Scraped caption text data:
□ □ □
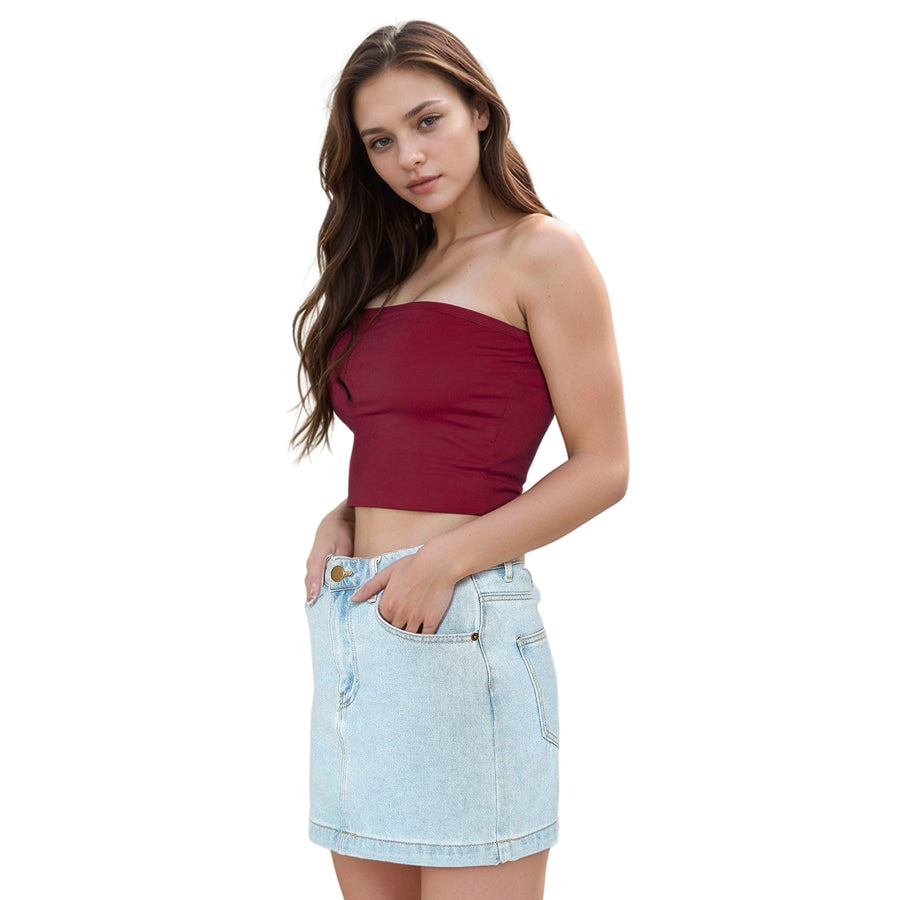 Women's Off Shoulder Cropped Tube Top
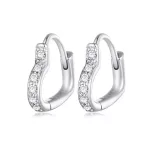 Ezüst szívfülbevaló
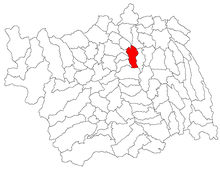 situo de Bacău en la distrikto Bacău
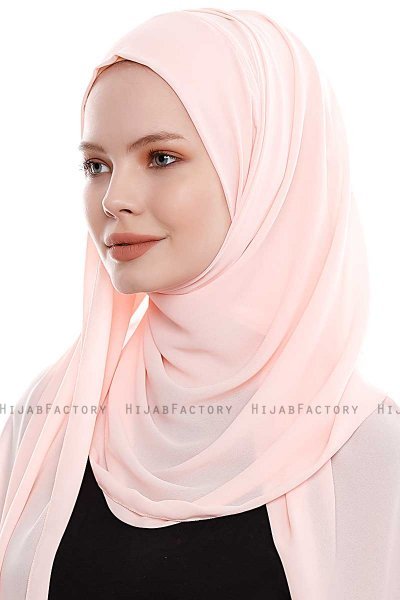 Yara - Hijab Crepe Pratique One-Piece Rose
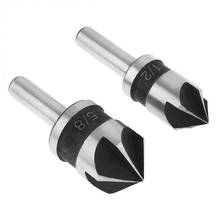 2pcs/lot Durable Carbon Steel  Five Blade Countersink Set Plate Tapping Chamfering Bit Quick Change Drill Bit Tools 2024 - buy cheap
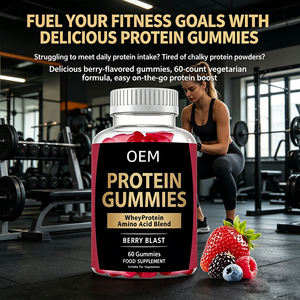 Gomitas de Proteína Diarias para Hombres y Mujeres, Apoyo para la Recuperación Muscular, Deliciosas Gomitas Masticables de Aminoácidos, Aptas para Veganos - Product Image 4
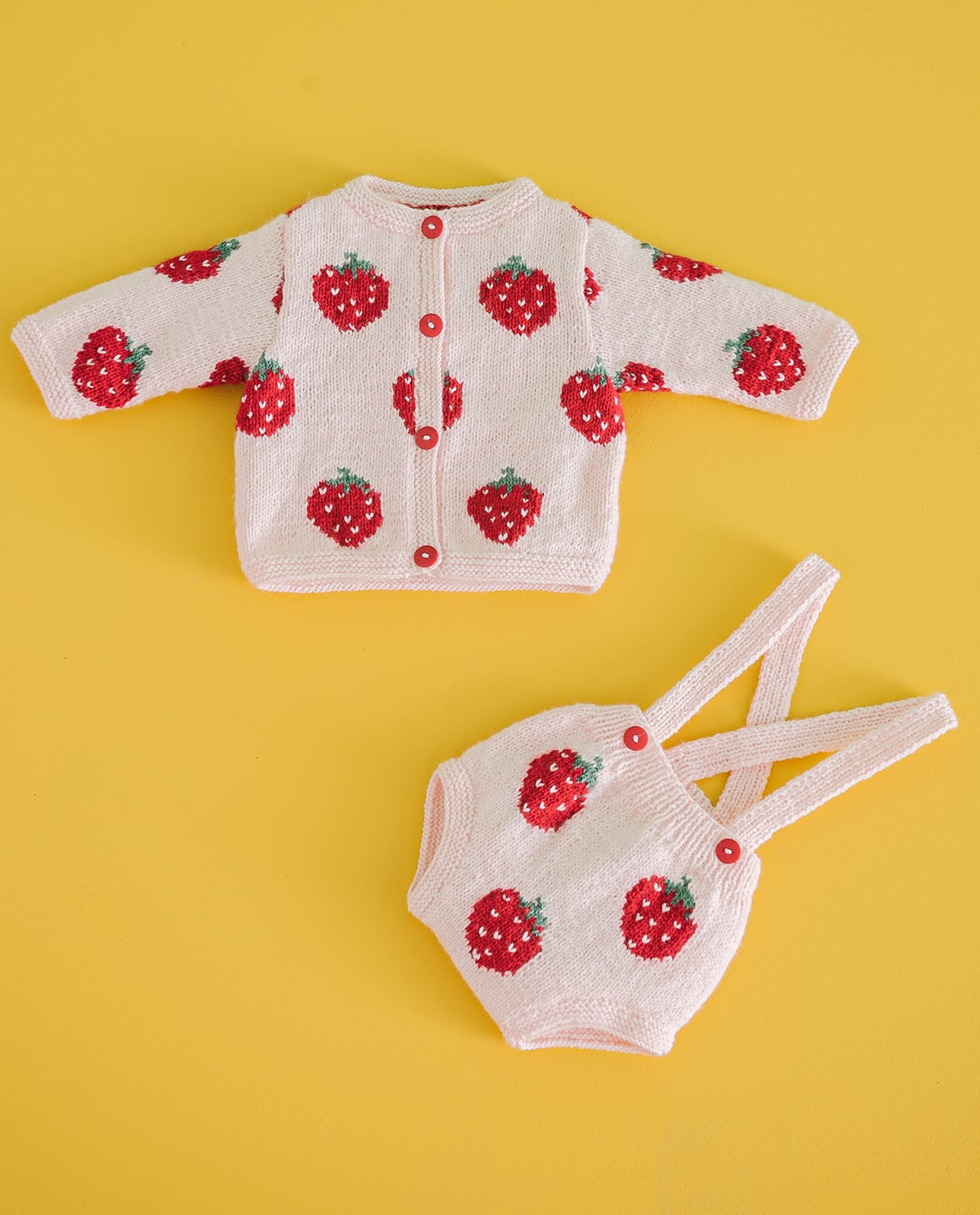 Baby Set Pattern - Cardigan-Romper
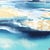Sail Away - Large Original Coastal Oceanscape Painting on Canvas With Gold Leaf by Charlotte Elizabeth For Sale In Los Angeles - Image 6 of 9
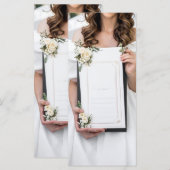 trouwmenu menu (Voorkant / Achterkant)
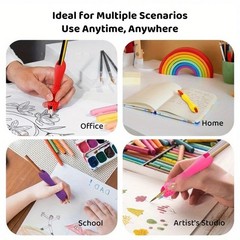 ERGONOMIC SILICONE PEN GRIP WRITING AID – COMFORTABLE NON-SLIP PENCIL HOLDER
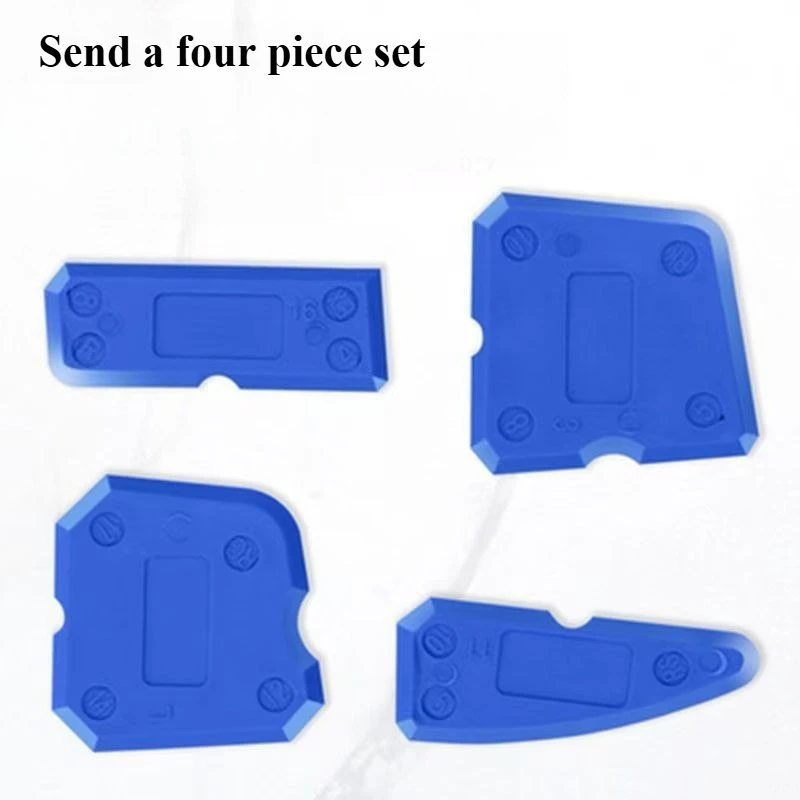 4-Piece Silicone Caulking Tool Set - Versatile Easy Clean-up & Professional Sealant Spreading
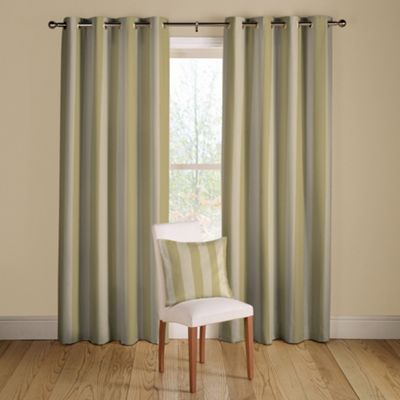 Montgomery Champagne Mezzo lined curtains eyelet heading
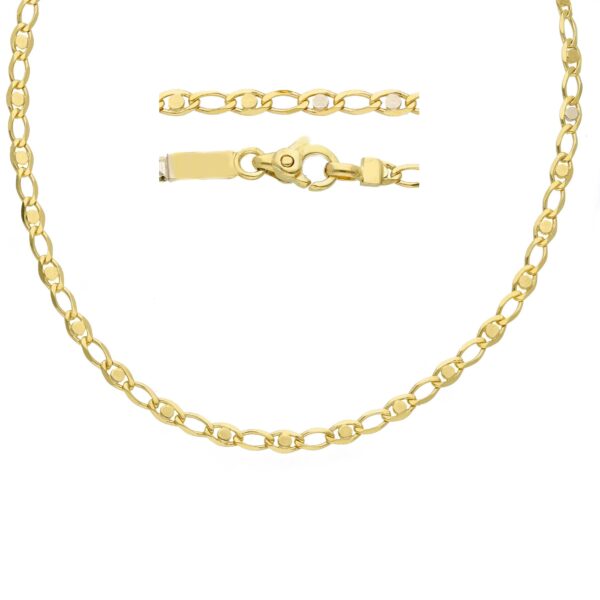 18 karat yellow gold necklace. 60 cm. MADE IN ITALY.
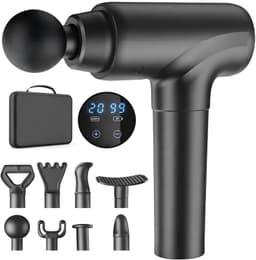 KLS® Massage Gun - Massage Gun Professioneel - Massage Pistool - Zwart - 20cm x 13cm x 8cm — thumbnail 1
□ □ □
- _Work to be completed_
Write out, exactly and with no pictures, the lines of the data from the first through the line containing "2pcs/lot Durable Carbon".

- _Expected answer_
 Women's Off Shoulder Cropped Tube Top
 Ezüst szívfülbevaló
 situo de Bacău en la distrikto Bacău
 Yara - Hijab Crepe Pratique One-Piece Rose
 2pcs/lot Durable Carbon Steel  Five Blade Countersink Set Plate Tapping Chamfering Bit Quick Change Drill Bit Tools 2024 - buy cheap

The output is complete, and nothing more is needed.